Skip the images and return the records below exactly.

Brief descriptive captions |
BEGIN
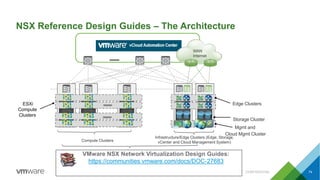 VMware NSX Network Virtualization Design Guides:
https://communities.vmware.com/docs/DOC-27683
NSX Reference Design Guides – The Architecture
ESXi
Compute
Clusters
Compute Clusters
Infrastructure/Edge Clusters (Edge, Storage,
vCenter and Cloud Management System)
Edge Clusters
WAN
Internet
Storage Cluster
Mgmt and
Cloud Mgmt Cluster
CONFIDENTIAL 74
 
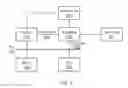 Fig. 02 - Method and apparatus for ensuring control flow integrity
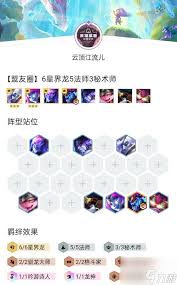 金铲铲s7巨龙之巢新增了哪些符文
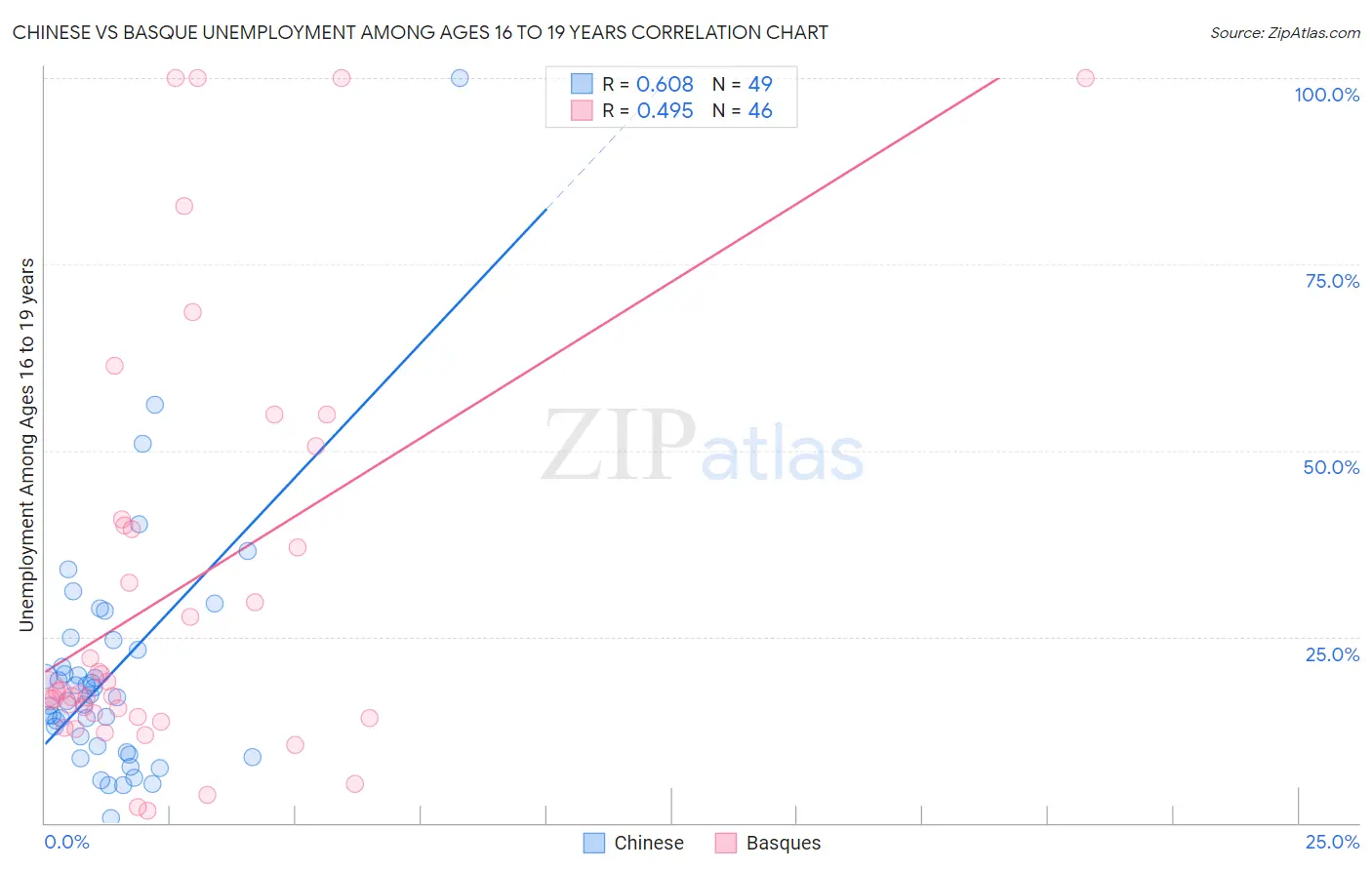 Chinese vs Basque Unemployment Among Ages 16 to 19 years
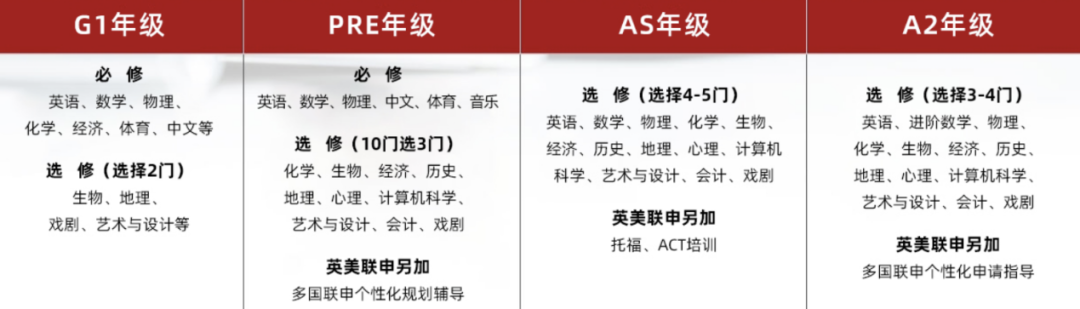 上海光華學(xué)院劍橋國際中心：老牌A-Level名校，點(diǎn)亮學(xué)生成長(zhǎng)的美好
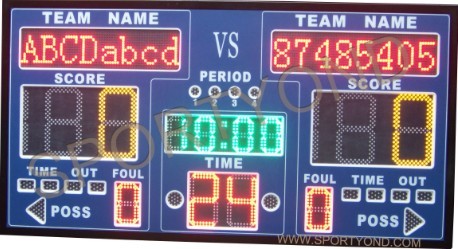 Basketball scoreboard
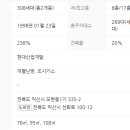 모현동-59 이미지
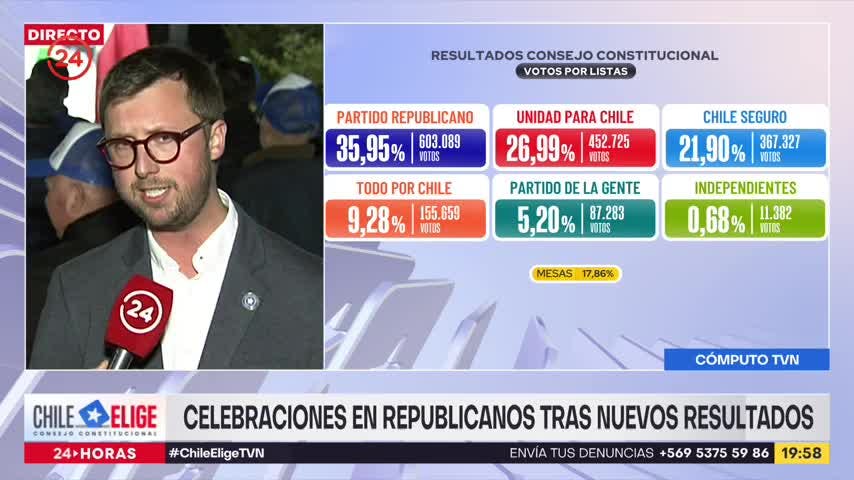 Primeras reacciones del P. Republicano tras nuevos resultados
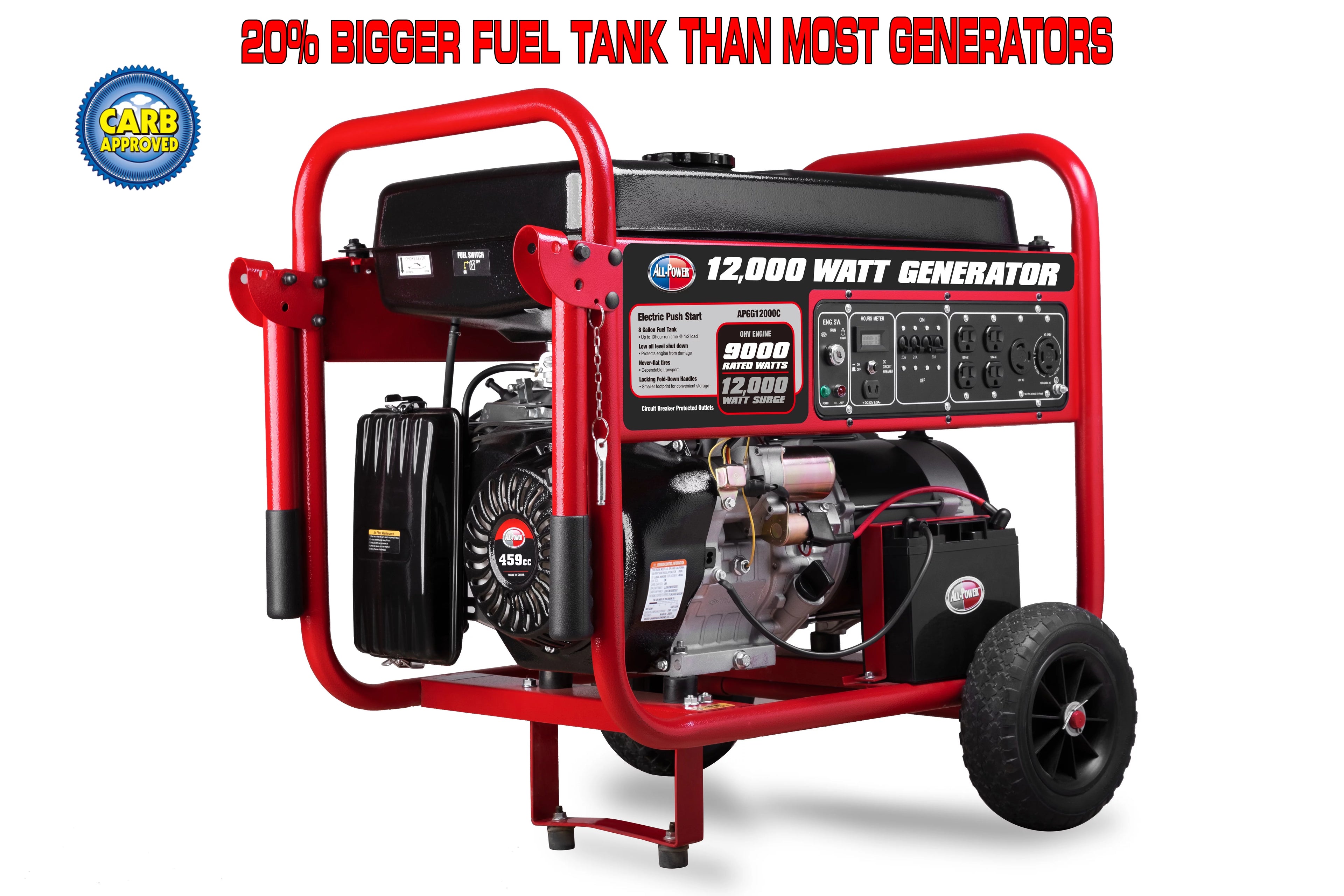 12000 Watt Portable Generator with Electric Start W1898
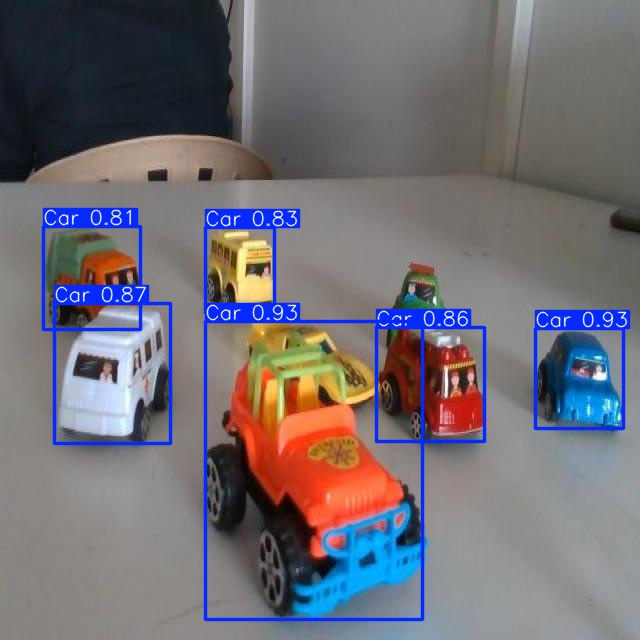 Annotated Image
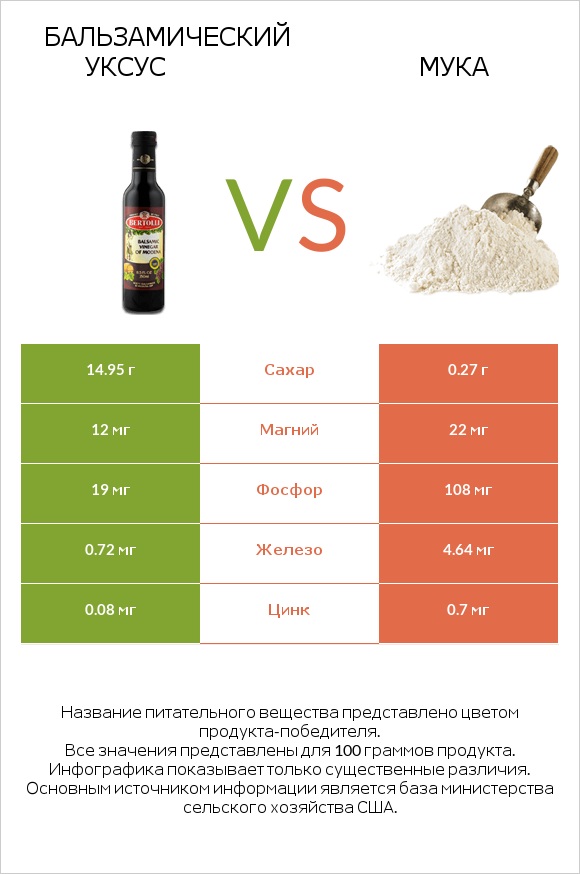 Бальзамический уксус vs Мука infographic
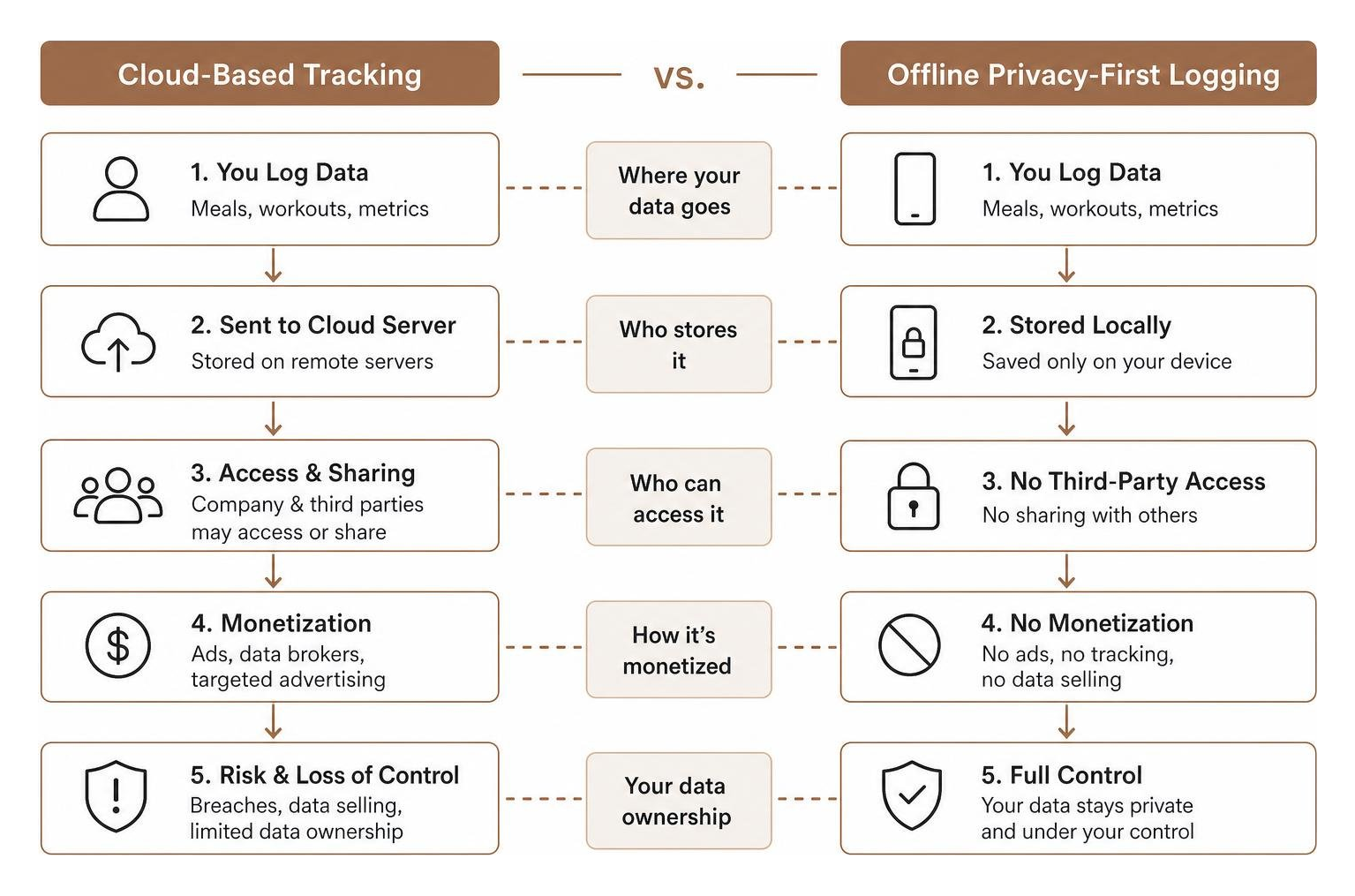 Comparison of cloud-based tracking vs offline privacy-first logging Comparison of cloud-based tracking vs offline privacy-first logging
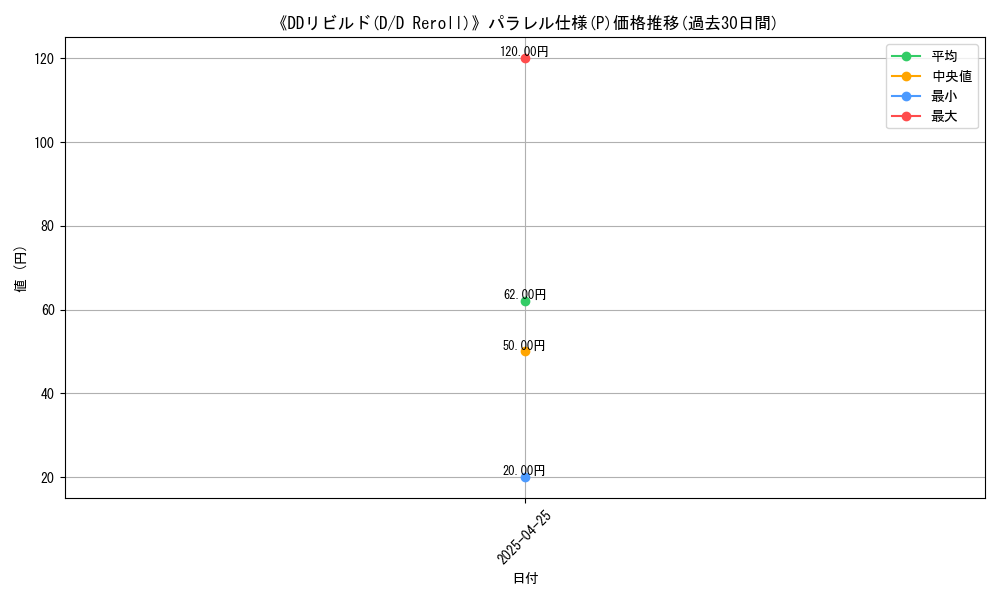 graph_rarity_5847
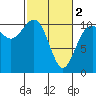 Tacoma tide chart for Saturday, March 2, 2024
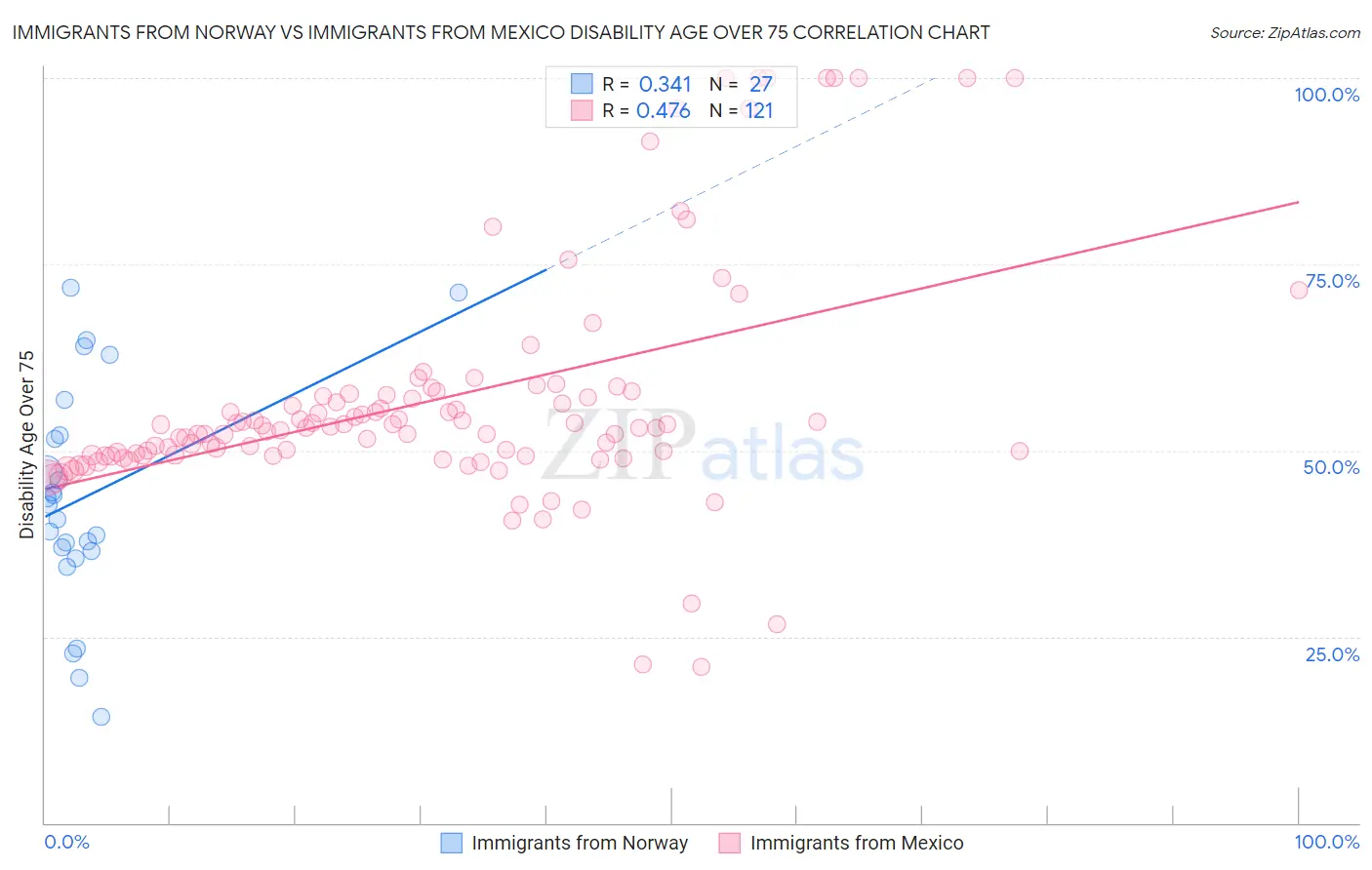 Immigrants from Norway vs Immigrants from Mexico Disability Age Over 75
END
SOLUTION FOR THIS PROBLEM |
 VMware NSX Network Virtualization Design Guides:
https://communities.vmware.com/docs/DOC-27683
NSX Reference Design Guides – The Architecture
ESXi
Compute
Clusters
Compute Clusters
Infrastructure/Edge Clusters (Edge, Storage,
vCenter and Cloud Management System)
Edge Clusters
WAN
Internet
Storage Cluster
Mgmt and
Cloud Mgmt Cluster
CONFIDENTIAL 74
 
 Fig. 02 - Method and apparatus for ensuring control flow integrity
 金铲铲s7巨龙之巢新增了哪些符文
 Chinese vs Basque Unemployment Among Ages 16 to 19 years
 上海光華學(xué)院劍橋國際中心：老牌A-Level名校，點(diǎn)亮學(xué)生成長(zhǎng)的美好
 Basketball scoreboard
 모현동-59 이미지
 Primeras reacciones del P. Republicano tras nuevos resultados
 12000 Watt Portable Generator with Electric Start W1898
 Annotated Image
 Бальзамический уксус vs Мука infographic
 Comparison of cloud-based tracking vs offline privacy-first logging Comparison of cloud-based tracking vs offline privacy-first logging
 graph_rarity_5847
 Tacoma tide chart for Saturday, March 2, 2024
 Immigrants from Norway vs Immigrants from Mexico Disability Age Over 75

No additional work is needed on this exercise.